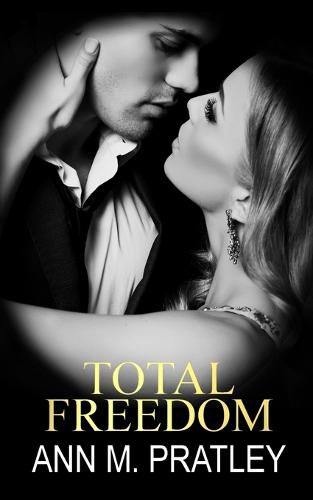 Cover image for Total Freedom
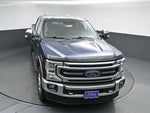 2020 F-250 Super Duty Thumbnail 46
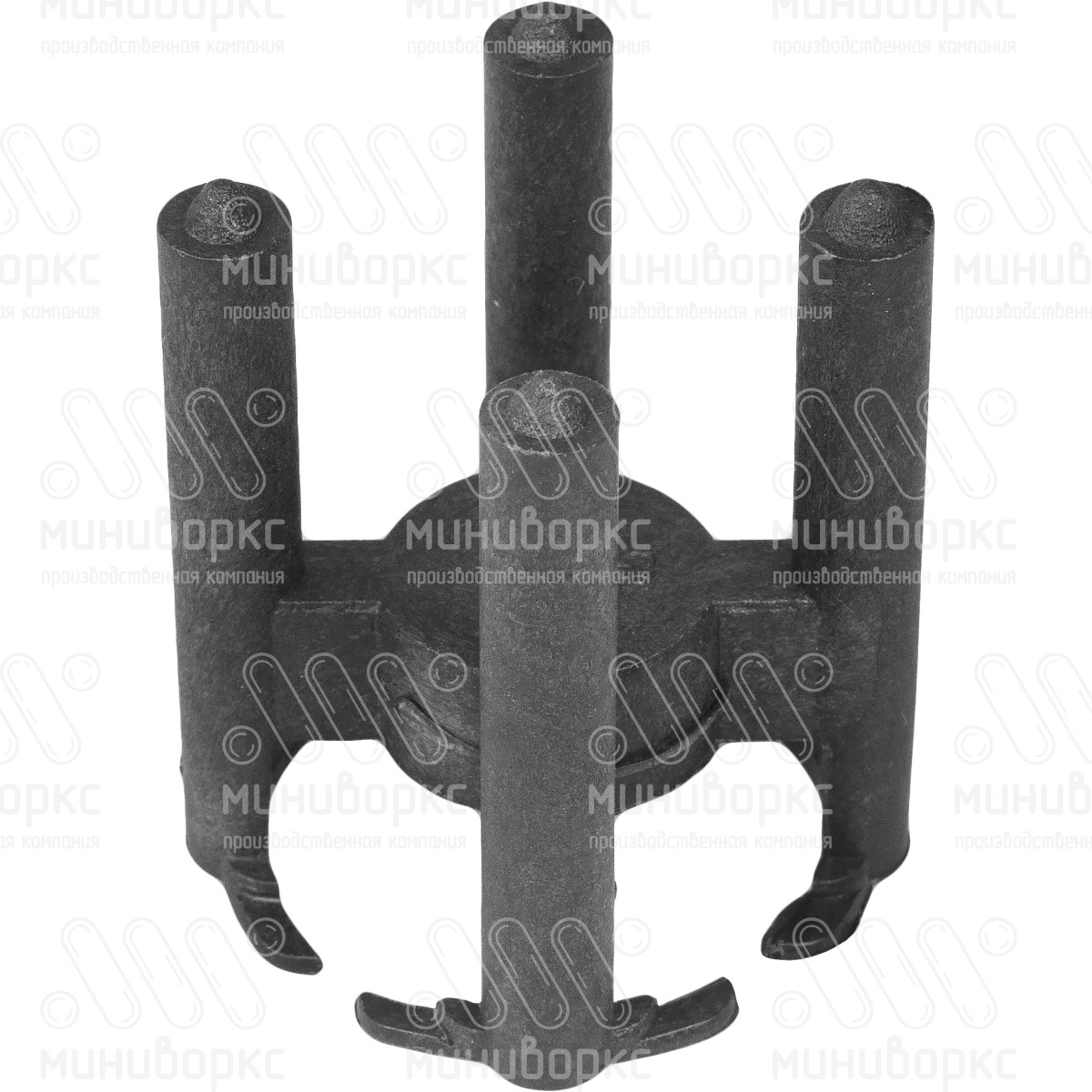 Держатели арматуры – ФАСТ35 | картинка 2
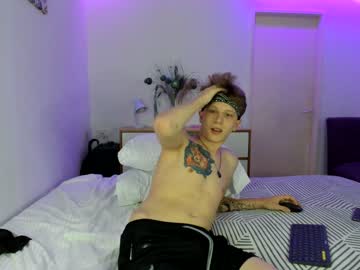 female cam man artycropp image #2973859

— AIM OF THE EXERCISE —
Each line of the material needs to be given again exactly, without any of its pictures.

— ANSWER TO THE PROBLEM —
 Cover image for Total Freedom
 2020 F-250 Super Duty Thumbnail 46
 Держатели арматуры – ФАСТ35 | картинка 2
 female cam man artycropp image #2973859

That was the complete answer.